### Problem details
Pictures excluded, output the lines of the data below between the one holding "MACHINE A LAVER SAMSUNG BOULANGER TRELISSAC" and the one holding "Gingerbread Wooden Crate Set", inclusive, exactly as they stand.

### Data for the task
= = = = =

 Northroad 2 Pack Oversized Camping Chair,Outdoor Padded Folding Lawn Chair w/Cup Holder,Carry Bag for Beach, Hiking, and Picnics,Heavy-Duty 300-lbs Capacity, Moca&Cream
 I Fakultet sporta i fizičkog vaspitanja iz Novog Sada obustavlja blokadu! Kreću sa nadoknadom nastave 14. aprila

= = = = =

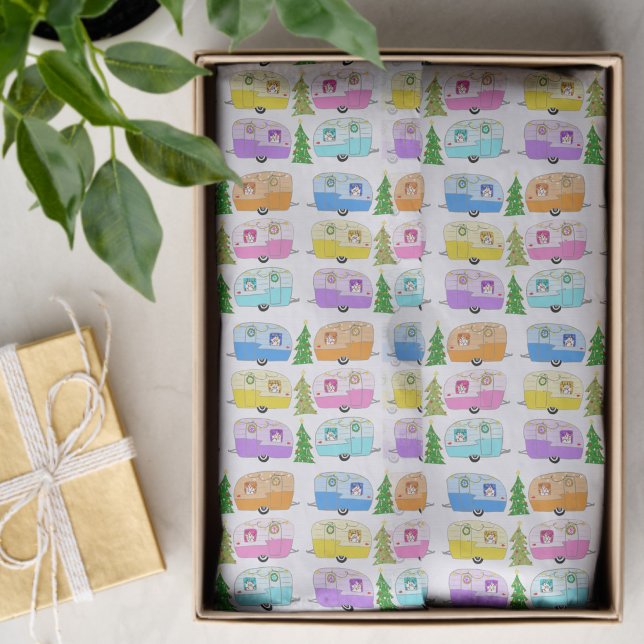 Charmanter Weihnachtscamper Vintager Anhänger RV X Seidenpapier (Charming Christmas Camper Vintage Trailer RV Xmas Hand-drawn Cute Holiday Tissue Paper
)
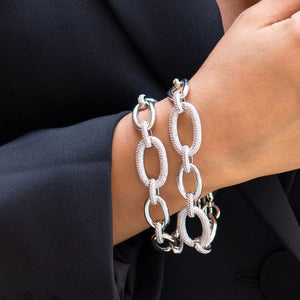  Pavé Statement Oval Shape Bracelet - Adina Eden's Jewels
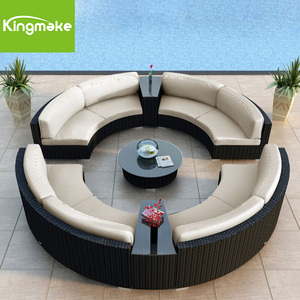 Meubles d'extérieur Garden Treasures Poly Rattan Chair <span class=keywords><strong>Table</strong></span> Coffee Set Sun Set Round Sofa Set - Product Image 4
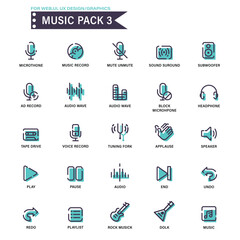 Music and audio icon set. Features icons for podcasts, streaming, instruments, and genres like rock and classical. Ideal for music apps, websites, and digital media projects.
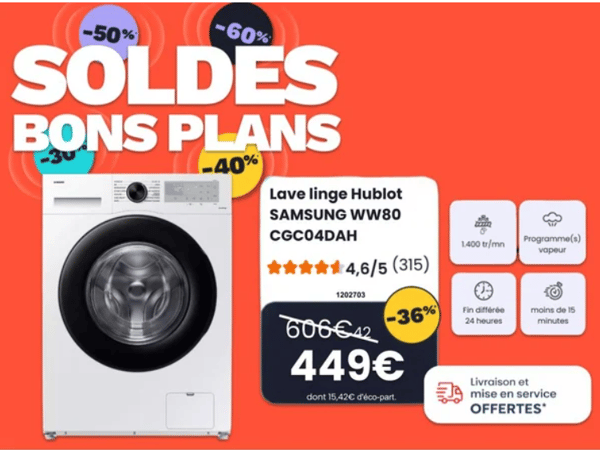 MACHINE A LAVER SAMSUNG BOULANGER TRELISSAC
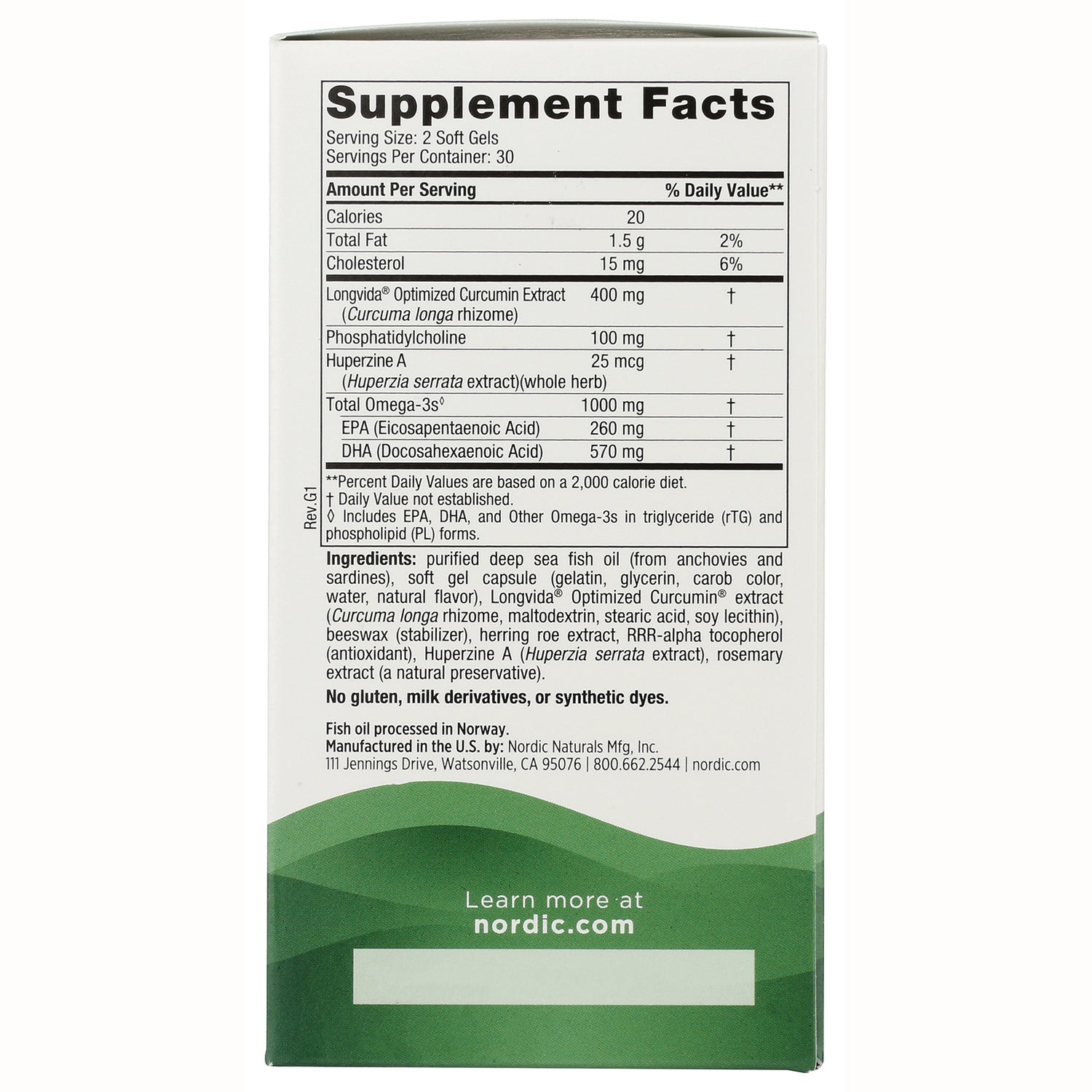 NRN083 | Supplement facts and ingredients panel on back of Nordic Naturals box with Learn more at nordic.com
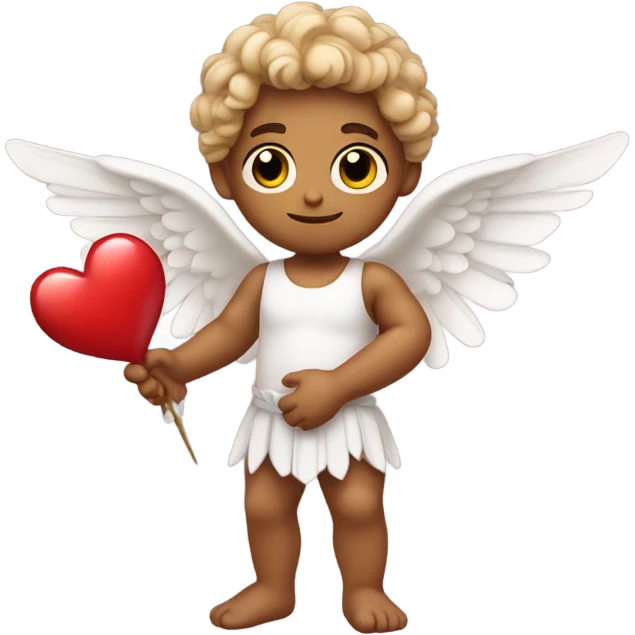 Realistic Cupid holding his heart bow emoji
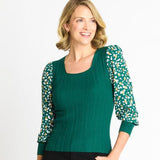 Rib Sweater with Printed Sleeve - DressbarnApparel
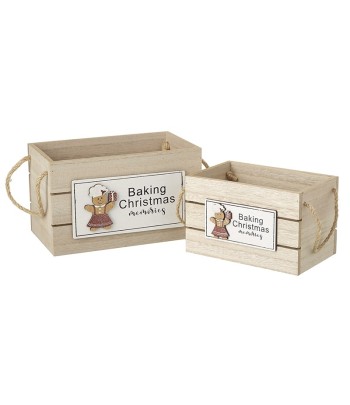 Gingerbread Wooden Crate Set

= = = = =

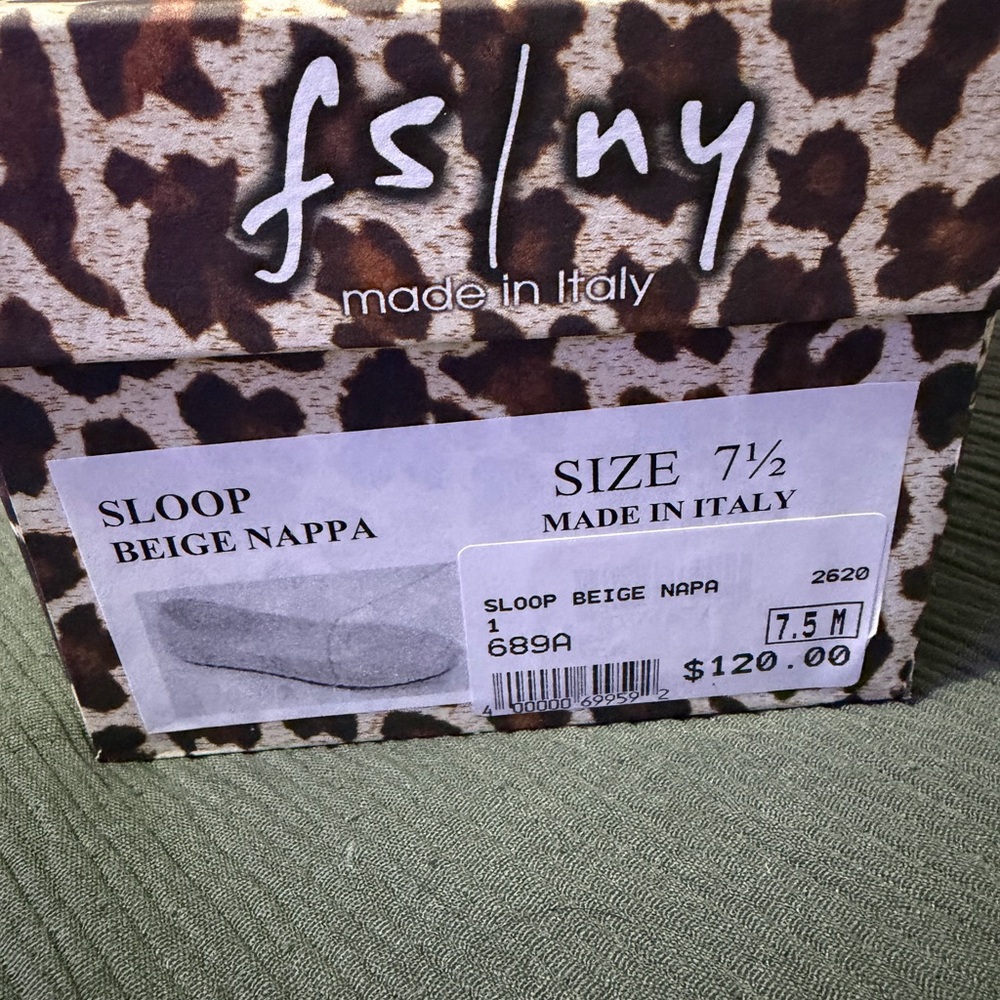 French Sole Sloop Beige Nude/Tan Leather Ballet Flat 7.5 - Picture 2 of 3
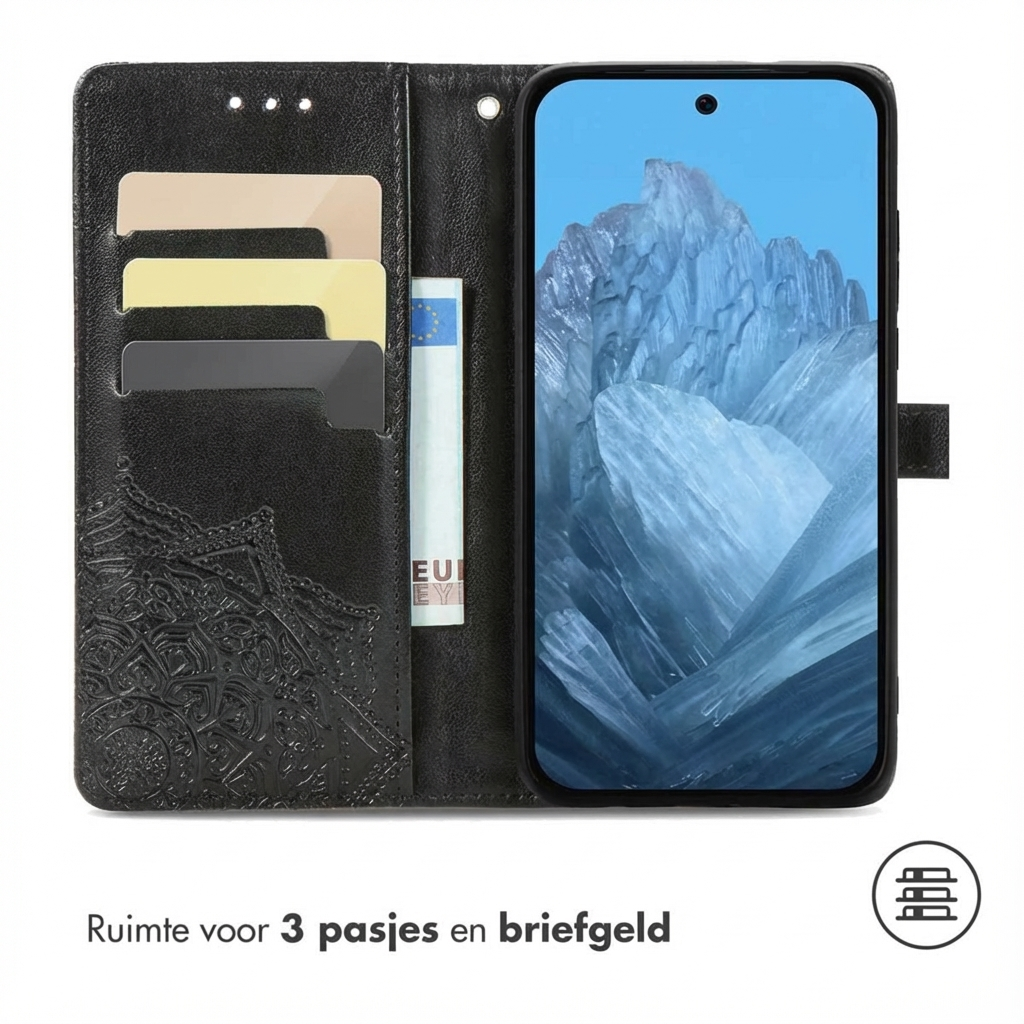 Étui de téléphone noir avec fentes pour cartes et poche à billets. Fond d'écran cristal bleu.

= = = = =

### Problem solution
 MACHINE A LAVER SAMSUNG BOULANGER TRELISSAC
 NRN083 | Supplement facts and ingredients panel on back of Nordic Naturals box with Learn more at nordic.com
 Realistic Cupid holding his heart bow emoji
 Rib Sweater with Printed Sleeve - DressbarnApparel
 Gingerbread Wooden Crate Set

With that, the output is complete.